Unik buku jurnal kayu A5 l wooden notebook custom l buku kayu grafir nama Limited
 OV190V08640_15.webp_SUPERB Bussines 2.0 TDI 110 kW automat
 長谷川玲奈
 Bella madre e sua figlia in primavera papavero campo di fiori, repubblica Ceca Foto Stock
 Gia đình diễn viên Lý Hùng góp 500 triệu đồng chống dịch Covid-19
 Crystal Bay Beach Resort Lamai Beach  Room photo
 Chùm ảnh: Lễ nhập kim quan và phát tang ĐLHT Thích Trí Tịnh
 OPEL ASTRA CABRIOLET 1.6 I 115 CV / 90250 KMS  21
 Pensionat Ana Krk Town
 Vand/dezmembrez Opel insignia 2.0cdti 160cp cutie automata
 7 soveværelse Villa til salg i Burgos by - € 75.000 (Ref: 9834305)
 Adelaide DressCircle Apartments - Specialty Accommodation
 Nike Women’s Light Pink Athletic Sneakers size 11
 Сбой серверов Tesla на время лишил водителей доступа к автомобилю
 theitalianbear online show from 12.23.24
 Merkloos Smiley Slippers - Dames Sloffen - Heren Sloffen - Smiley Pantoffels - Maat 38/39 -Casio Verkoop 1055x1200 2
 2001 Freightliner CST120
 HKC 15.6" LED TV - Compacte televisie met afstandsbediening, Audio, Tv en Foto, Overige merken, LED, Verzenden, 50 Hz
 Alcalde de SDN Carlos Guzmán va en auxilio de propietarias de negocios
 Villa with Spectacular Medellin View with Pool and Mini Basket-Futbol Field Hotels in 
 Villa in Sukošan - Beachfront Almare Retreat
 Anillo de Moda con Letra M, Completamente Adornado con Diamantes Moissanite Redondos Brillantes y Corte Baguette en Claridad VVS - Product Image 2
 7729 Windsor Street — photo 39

-----

Task brief — Look back at the entries above and repeat, unchanged, every line from the line holding "theitalianbear online show from 12.23.24" through the line holding "2001 Freightliner CST120".

Written response —
 theitalianbear online show from 12.23.24
 Merkloos Smiley Slippers - Dames Sloffen - Heren Sloffen - Smiley Pantoffels - Maat 38/39 -Casio Verkoop 1055x1200 2
 2001 Freightliner CST120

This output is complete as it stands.